Cut a sheet of the yellow and red cellophanes in half. Layer each sheet on the cake stand or plate (yellow, red, yellow, red). Carefully turn the cake onto the cellophane Lava Pool. Spread a generous layer of cooled chocolate ganache over the top and side of the cake using a butter knife or offset spatula (from cake decorating shops).

Press a small cup into the mouth of the volcano and line with a half sheet of red cellophane. Press the cellophane right in so the ends stick up like erupting lava. Spoon red and orange jelly into the cup, so it is just overflowing the brim of the cup. Use the jubes to form piles of molten rock at the base of the volcano.

Refrigerate the cake until needed, or leave at room temperature and just load up with jelly before the big moment. To cause the eruption, lift a corner of the cellophane and the jelly will tumble down the cake and into your carefully placed lava-catching devices!

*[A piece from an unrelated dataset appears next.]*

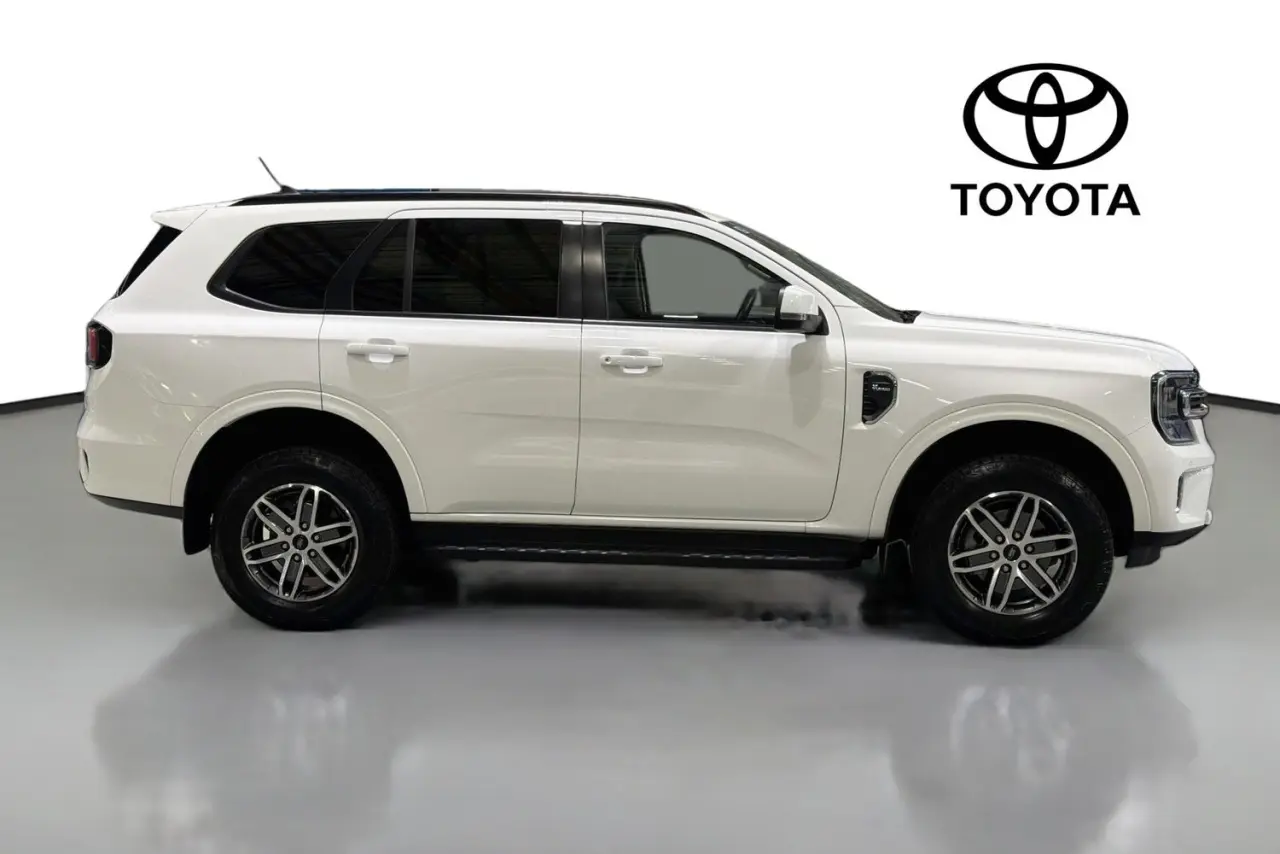 2022 Ford Everest Gallery Image 11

  • Preparation time: 25 minutes, baking time: 1 hour 15 minutes, decorating time: 20 minutes.
  • This chocolate mud cake is sublime and best at room temperature. A little too much chocolate (and optional caffeine) for small children, but great for all the chaperoning adults!
  • Some small chocolate honeycomb squares would also look great as boulders. My son (now an elderly 7yo) is obsessed with secret agent Lego at the moment, so we had our volcano decorated with agents chasing Dr Infernos bad guys across the dangerous slopes!